▶ Aim of the task: Only the lines containing "Wedding" should appear in the answer, copied from the listing below.

▶ The records:
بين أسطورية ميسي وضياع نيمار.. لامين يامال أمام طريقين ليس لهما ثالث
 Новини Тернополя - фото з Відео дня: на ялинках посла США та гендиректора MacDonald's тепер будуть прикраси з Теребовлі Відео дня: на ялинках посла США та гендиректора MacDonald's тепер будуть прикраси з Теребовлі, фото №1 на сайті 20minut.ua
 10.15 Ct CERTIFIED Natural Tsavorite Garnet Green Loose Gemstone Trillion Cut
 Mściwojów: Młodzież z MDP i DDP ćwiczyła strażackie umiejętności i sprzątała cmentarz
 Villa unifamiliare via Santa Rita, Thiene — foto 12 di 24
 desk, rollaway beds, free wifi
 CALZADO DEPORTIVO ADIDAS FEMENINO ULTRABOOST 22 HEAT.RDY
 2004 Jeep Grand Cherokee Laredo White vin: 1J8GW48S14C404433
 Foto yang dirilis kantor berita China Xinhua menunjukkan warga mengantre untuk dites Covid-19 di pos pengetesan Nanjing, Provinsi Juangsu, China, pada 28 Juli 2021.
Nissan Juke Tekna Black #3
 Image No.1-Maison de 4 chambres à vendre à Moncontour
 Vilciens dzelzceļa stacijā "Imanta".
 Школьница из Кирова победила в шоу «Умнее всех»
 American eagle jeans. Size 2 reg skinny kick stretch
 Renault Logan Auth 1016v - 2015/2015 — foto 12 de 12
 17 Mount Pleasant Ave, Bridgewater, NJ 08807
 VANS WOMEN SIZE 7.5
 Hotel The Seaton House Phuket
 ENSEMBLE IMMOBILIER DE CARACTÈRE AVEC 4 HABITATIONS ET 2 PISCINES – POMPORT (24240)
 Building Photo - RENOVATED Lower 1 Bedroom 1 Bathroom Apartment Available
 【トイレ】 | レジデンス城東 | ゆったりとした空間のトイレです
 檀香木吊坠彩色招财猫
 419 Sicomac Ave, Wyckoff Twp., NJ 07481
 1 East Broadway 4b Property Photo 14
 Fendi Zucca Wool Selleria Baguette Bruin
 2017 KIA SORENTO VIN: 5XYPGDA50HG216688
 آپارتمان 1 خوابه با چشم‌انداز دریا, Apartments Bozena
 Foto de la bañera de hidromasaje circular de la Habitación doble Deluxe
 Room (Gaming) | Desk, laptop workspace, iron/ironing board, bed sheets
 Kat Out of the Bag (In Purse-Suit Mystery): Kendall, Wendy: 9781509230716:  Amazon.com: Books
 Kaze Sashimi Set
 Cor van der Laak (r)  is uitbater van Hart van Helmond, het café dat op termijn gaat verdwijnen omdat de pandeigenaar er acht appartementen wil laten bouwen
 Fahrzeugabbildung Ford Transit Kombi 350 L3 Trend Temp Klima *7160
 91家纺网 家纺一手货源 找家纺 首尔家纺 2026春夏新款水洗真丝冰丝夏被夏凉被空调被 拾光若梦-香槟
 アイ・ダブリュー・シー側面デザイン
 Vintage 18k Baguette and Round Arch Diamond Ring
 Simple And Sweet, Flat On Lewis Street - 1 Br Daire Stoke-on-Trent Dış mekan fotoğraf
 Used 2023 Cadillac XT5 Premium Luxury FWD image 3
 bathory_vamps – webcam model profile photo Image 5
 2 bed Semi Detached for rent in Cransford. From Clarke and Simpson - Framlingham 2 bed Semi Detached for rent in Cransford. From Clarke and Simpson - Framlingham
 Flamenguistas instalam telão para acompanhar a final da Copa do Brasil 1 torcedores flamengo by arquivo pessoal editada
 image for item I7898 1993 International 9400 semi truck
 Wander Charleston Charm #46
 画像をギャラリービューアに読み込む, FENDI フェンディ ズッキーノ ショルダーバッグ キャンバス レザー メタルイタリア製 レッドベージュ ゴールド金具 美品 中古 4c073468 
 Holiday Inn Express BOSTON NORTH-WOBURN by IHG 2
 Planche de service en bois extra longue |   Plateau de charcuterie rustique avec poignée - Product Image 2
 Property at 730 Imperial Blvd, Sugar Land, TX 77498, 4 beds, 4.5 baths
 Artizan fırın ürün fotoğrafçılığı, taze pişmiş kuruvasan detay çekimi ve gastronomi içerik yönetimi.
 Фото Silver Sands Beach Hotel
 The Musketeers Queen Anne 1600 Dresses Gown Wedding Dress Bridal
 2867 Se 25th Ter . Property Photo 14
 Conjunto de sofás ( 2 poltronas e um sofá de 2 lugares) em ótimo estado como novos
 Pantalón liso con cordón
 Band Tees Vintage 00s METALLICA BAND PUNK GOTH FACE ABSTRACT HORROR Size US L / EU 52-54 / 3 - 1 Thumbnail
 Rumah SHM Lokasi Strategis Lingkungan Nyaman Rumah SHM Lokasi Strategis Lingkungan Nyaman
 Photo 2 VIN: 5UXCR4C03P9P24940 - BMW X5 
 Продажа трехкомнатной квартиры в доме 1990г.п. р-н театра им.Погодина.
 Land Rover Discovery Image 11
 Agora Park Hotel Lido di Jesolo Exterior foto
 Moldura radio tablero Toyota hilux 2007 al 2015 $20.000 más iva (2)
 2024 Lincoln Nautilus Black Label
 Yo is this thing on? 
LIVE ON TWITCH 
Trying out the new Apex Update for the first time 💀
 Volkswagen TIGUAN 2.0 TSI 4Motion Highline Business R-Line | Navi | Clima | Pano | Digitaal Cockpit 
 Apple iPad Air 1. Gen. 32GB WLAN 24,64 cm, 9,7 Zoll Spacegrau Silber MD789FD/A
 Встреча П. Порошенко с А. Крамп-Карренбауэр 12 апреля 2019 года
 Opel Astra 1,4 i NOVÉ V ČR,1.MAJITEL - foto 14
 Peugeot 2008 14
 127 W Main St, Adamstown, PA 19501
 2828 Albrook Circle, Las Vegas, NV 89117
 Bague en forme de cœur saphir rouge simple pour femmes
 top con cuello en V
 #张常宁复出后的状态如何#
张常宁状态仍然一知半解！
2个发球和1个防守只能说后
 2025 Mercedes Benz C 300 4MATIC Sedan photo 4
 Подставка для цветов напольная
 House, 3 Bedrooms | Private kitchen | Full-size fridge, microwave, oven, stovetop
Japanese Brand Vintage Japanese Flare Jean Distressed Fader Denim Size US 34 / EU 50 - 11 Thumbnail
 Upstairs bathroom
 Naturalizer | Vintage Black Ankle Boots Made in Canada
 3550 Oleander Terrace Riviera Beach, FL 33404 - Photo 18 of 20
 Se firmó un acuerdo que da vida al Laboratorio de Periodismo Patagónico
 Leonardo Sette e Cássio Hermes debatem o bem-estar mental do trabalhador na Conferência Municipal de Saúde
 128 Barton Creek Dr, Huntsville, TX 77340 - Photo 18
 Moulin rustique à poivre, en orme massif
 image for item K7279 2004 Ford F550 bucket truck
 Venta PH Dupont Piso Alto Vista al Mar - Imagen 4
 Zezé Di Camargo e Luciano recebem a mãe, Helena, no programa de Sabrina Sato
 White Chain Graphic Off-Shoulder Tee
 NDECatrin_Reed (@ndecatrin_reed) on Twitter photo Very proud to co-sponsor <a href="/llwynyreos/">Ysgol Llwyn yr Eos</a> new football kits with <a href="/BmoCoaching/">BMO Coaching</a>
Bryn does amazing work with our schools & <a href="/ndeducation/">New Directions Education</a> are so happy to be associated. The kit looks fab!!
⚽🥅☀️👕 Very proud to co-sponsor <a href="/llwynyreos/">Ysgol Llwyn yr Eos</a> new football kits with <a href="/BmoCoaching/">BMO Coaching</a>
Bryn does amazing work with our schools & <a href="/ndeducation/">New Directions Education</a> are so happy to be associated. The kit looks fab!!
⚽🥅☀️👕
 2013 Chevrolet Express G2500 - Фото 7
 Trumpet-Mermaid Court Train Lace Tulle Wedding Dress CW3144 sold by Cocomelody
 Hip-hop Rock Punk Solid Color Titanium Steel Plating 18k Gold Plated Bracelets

▶ Written solution:
 The Musketeers Queen Anne 1600 Dresses Gown Wedding Dress Bridal
 Trumpet-Mermaid Court Train Lace Tulle Wedding Dress CW3144 sold by Cocomelody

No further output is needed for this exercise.